Weekly Session Templates: Drills + Mobility Integration

Source of truth for how drills and mobility are distributed across the training week, how they coexist in the daily session flow, and how gait group classification shapes each session.

1. Daily Session Architecture

A complete training day has a defined order. Not every element is present every day — what's included depends on run type, gait group, and posture bucket.

Full session sequence (when all elements present)

Pre-run mobility  →  Pre-run drills (3 drills + bridge jog)  →  RUN  →  Post-run strides  →  Post-run mobility
     (5-6 min)        (8-12 min, incl 2-min bridge jog)                    (5-10 min)          (8-12 min)
    standing only    motor learning → bridge to running               strides only         can use floor

Why this order:

  • Mobility first — opens joint ranges (hip flexor length, ankle dorsiflexion) that drills will then pattern
  • Drills second — activates neuromuscular patterns IN the ranges just opened. Fresh nervous system = quality motor learning. Every pre-run drill session is 3 technical drills followed by a 2-minute bridge jog that carries the drill pattern into running movement
  • Bridge jog → Run — the bridge jog (exercise #4 in every pre-run drill routine) flows directly into the run. The runner is already jogging when the drill session ends. They mark the drill session complete, open the run card, and continue. The gap is minimal because they're already moving
  • Post-run strides — consolidates form while still warm. Short accelerations that reinforce pre-run drill patterns
  • Post-run mobility last — decompresses after load. Can be done immediately or hours later (the app treats this as a separate completable item)

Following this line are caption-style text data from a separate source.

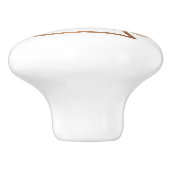 Trinity Knot - Minimalist Bronze Line Art セラミックノブ (側面)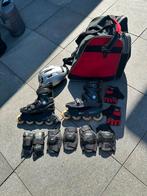 Nijdam Skeelers maat 38 helm, tas, pols beschermers, Zo goed als nieuw, Inline skates 4 wielen, Ophalen, Overige merken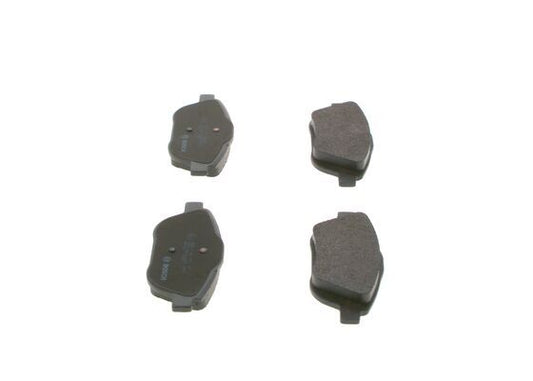 BOSCH 0986494438 Disc Brake Pad Set Front Low-Metallic Fits Citroën Peugeot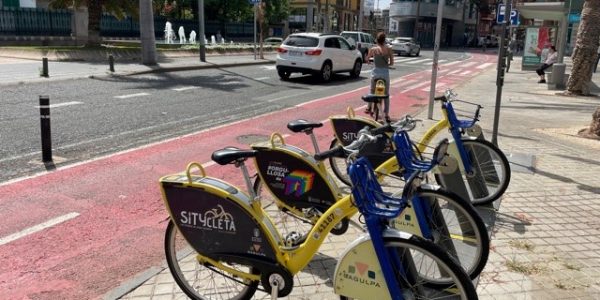 Bicicletas eléctricas en Las Palmas de Gran Canaria | Foto: Consejería de Obras Públicas del Gobierno de Canarias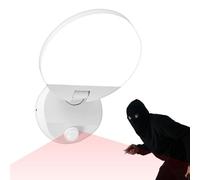 Motion Sensor Wall Sconce, Modern Round 18W Ornament, Outdoor LED Wall Light | Stylish Exterior Lighting, Energy-Efficient Motion Lamp, Durable Decorative Fixture For Patio Garage Doorway Driveway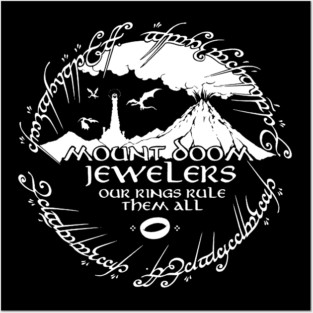 Mount Doom & The One Ring Posters and Art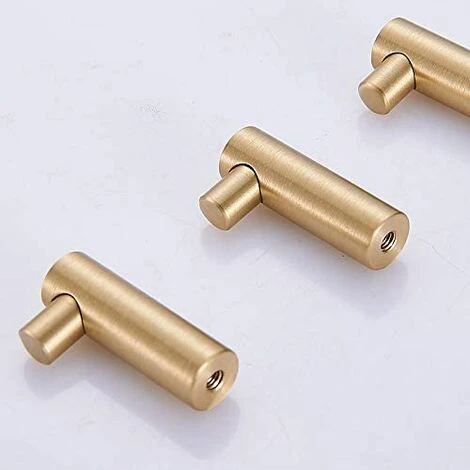 RHAFAYRE Set Aus 4 Wandhaken Aus Gebürstetem Messing, 50 Mm X 12 Mm, Goldene Kleiderhaken Für Badezimmer, Garderoben, Handtuchhalter (L-Form) 4 RHAFAYRE Set Aus 4 Wandhaken Aus Gebürstetem Messing, 50 Mm X 12 Mm, Goldene Kleiderhaken Für Badezimmer, Garderoben, Handtuchhalter (L-Form) – Bild 2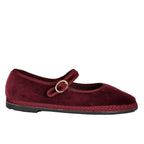 Lucrecia Velvet Flat Mary Jane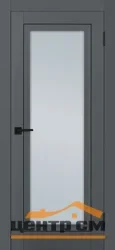 Дверь PROFILO PORTE ПСТ-35 стекло сатинат, темно-серый матовый 70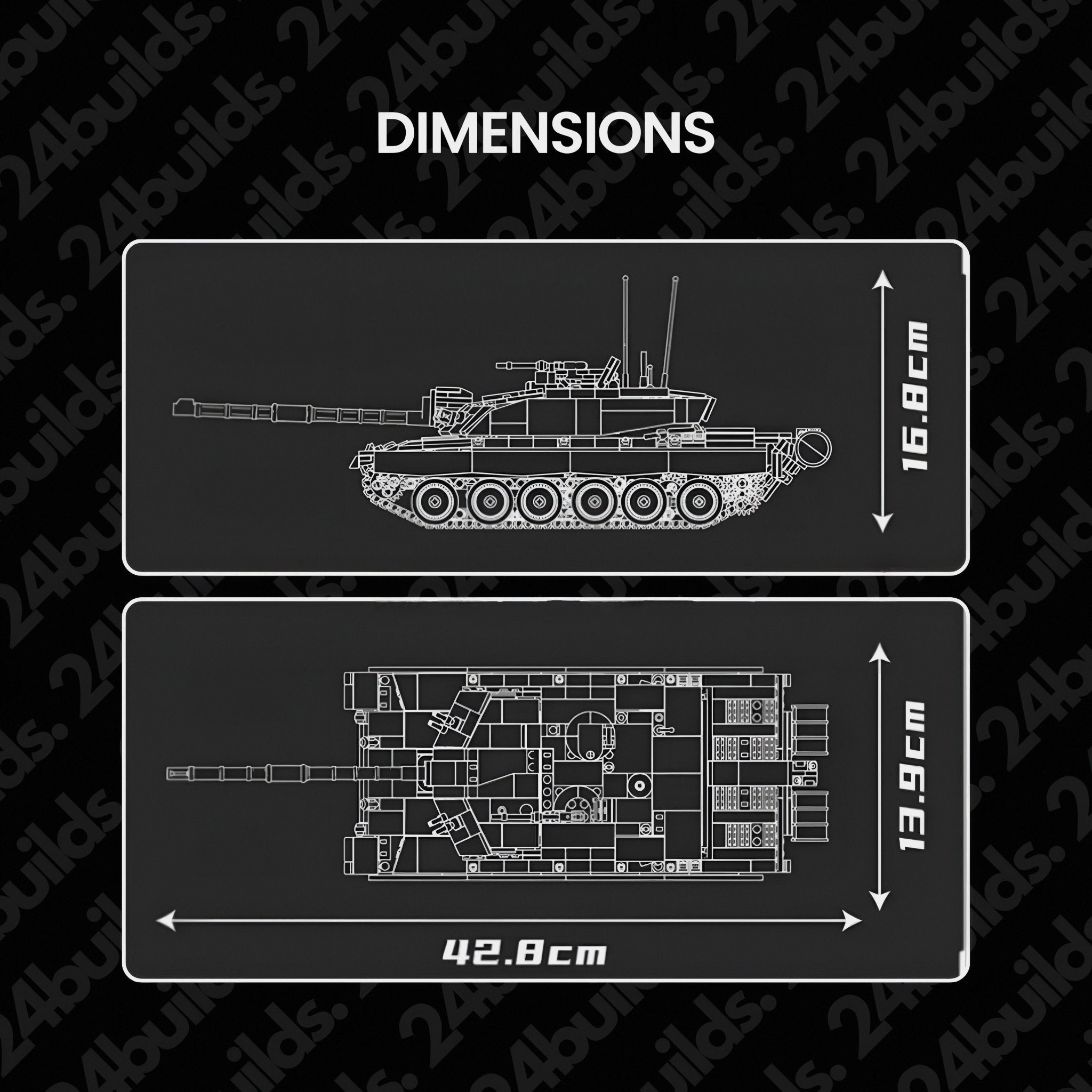 REMOTE CONTROLLED CHALLENGER 2 TANK | 1128PCS - BRICKS LAB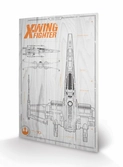 STAR WARS - Impression sur Bois 40X59 - X-Wing Plans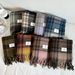 2024 New Mirad Premium Checkered Women's Winter Korean Edition Shawl Dual purpose Thick Warm Scarf_voghion.com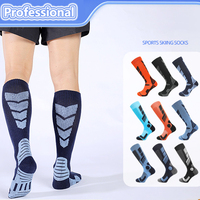 Haute qualité thermique genou haute Snowboard chaussettes femmes hommes Protection épaissie Ski chaussettes pour l'hiver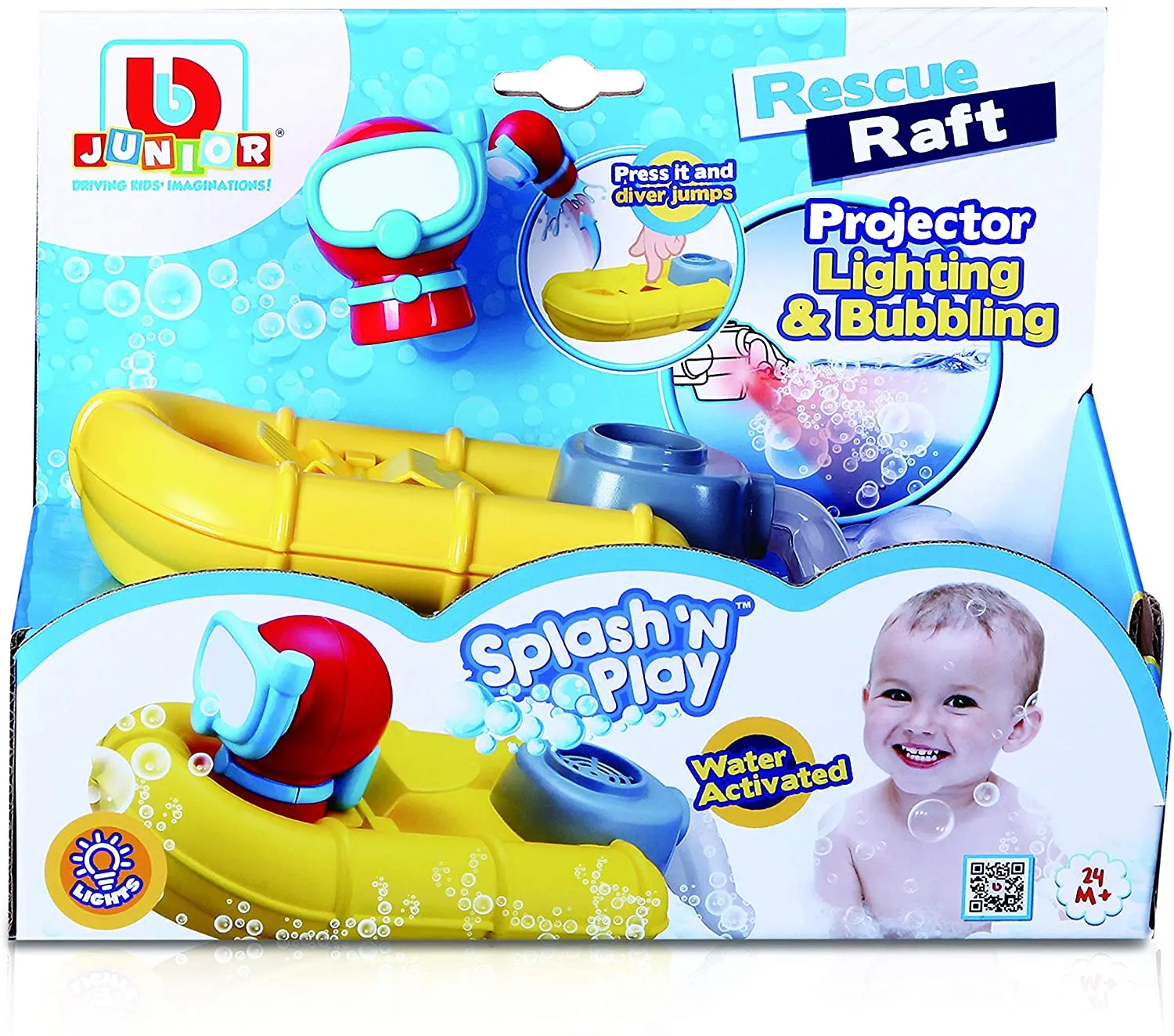 BB Junior - Spielzeugboot - Splash 'n Play Rescue Raft mit Taucher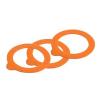 Kilner Clip Top Jar Replacement Rubber Seals Orange 6Pk 0025.489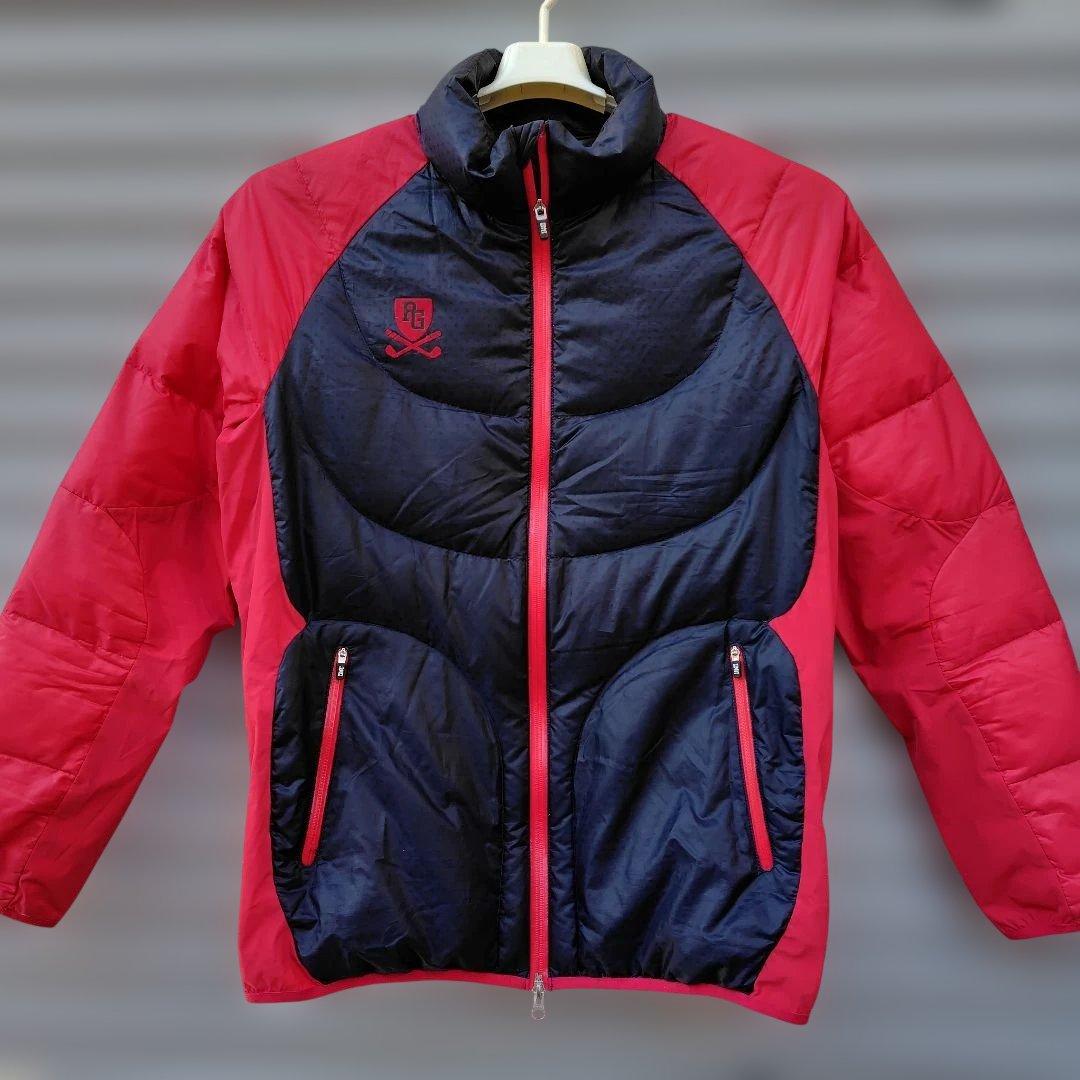 値下げ パーリーゲイツ ゴルフ ダウンジャケット 赤黒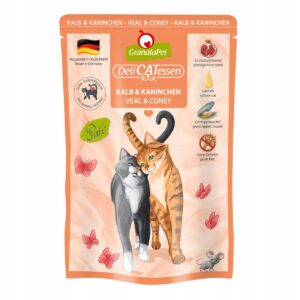 Granatapet DeliCatessen cielęcina i królik 85 g saszetki dla kota bez zbóż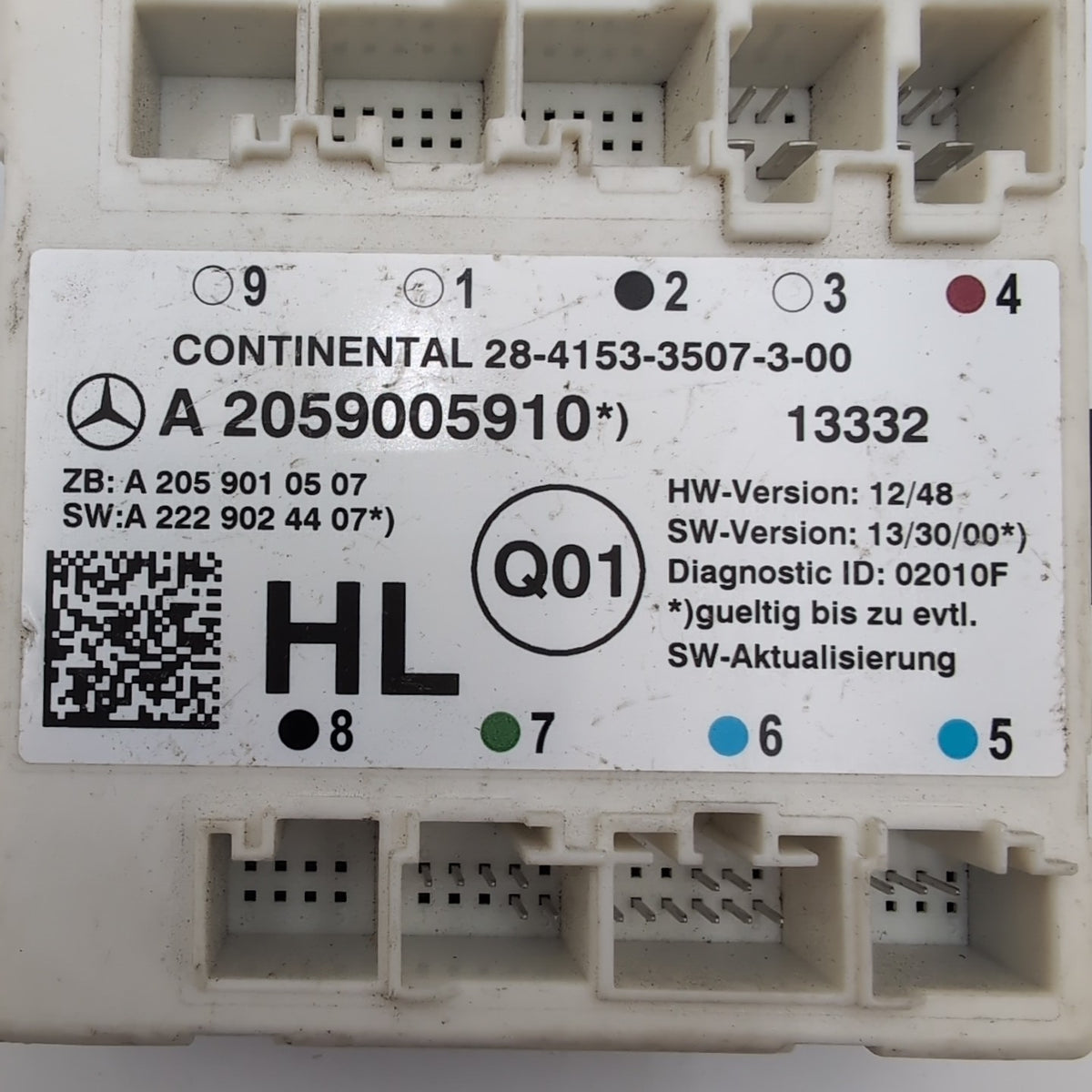 2014- 2018 Mercedes C Class W205 Rear Left Door Control Module A2059005910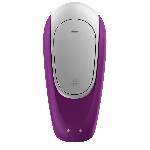 Смарт-вібратор для пар Satisfyer Double Fun (Violet) з пультом ДК - мініатюра 4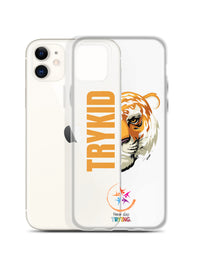 Clear Case for iPhone® with Trykid logo new stylish and trending
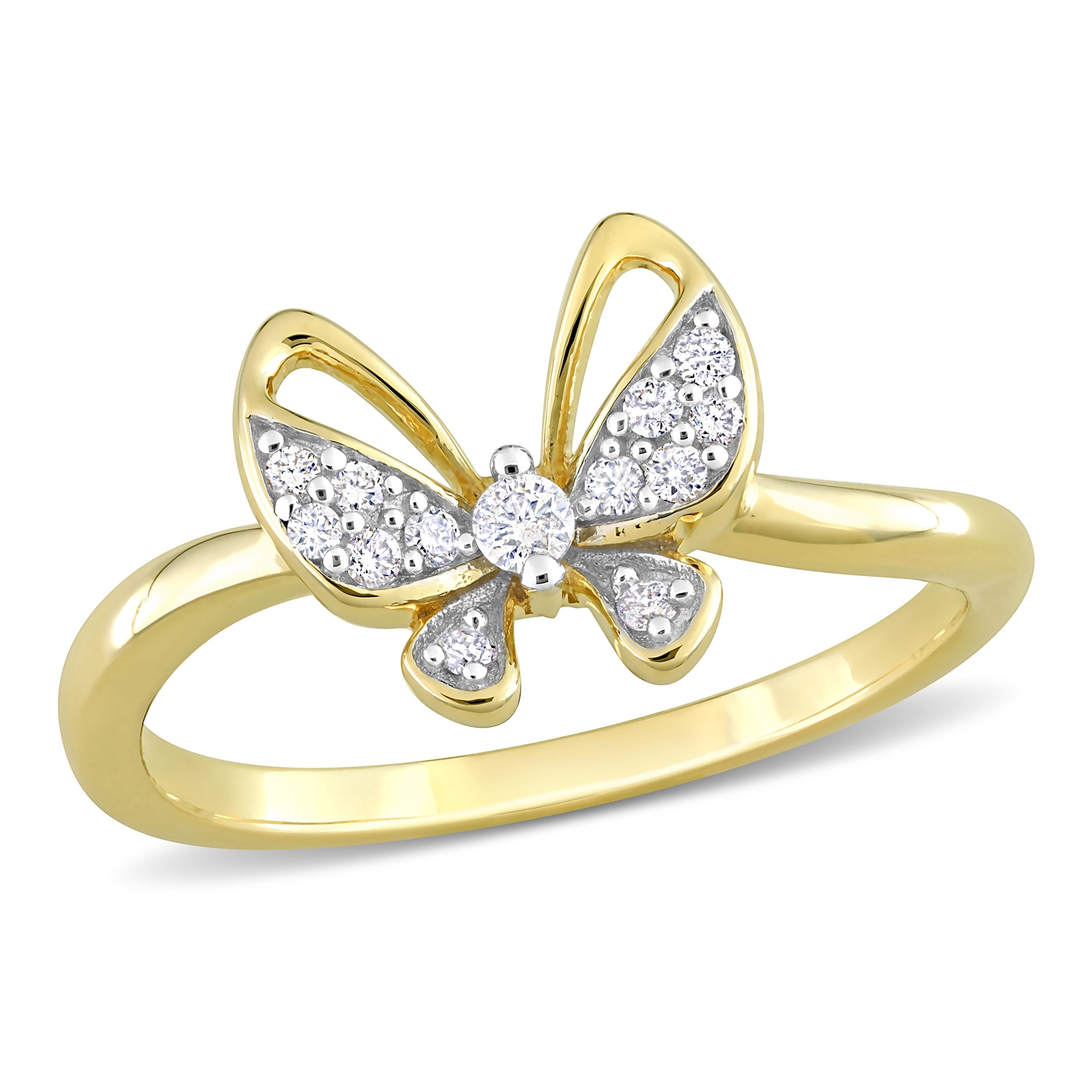 Everly Women's Diamond 10k Yellow Gold Ring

UX: No break before bridge jog. The app inserts a standard 5-second rest between drill exercises, but must NOT insert this rest between drill #3 and the bridge jog (exercise #4). The transition from the last technical drill into the bridge jog must be seamless — continuous movement is the whole point.

Run-type session maps

Run typePre-mobilityPre-drillsRunPost-stridesPost-mobility
RecoveryRecovery
Easy (drill day)●*Easy●†●*
Easy (no drills)●*Easy●*
LongLong
ThresholdTempo
IntervalsIntervals
SprintsSprints

* Pre/post mobility on easy runs only for locked_up, tension_holder buckets, or active pain flags † Post-run strides on easy runs only for runners with the Fader flag

Sprint rule: Sprints are neuromuscular work. The sprint session itself IS the drill work — adding a separate drill slot is redundant and adds unnecessary fatigue. Sprints get mobility only.


2. Weekly Drill Distribution

The algorithm: which days get drills

Inputs:

  • Weekly running schedule (run types + days)
  • Training phase (base, build, peak, taper)
  • Number of easy runs in the week
  • Day of the long run

Two categories of drill session:

A. Post-long-run strides (mandatory, 1 per week)

Every week with a long run gets post-run strides. This is the highest-priority drill slot and never gets trimmed.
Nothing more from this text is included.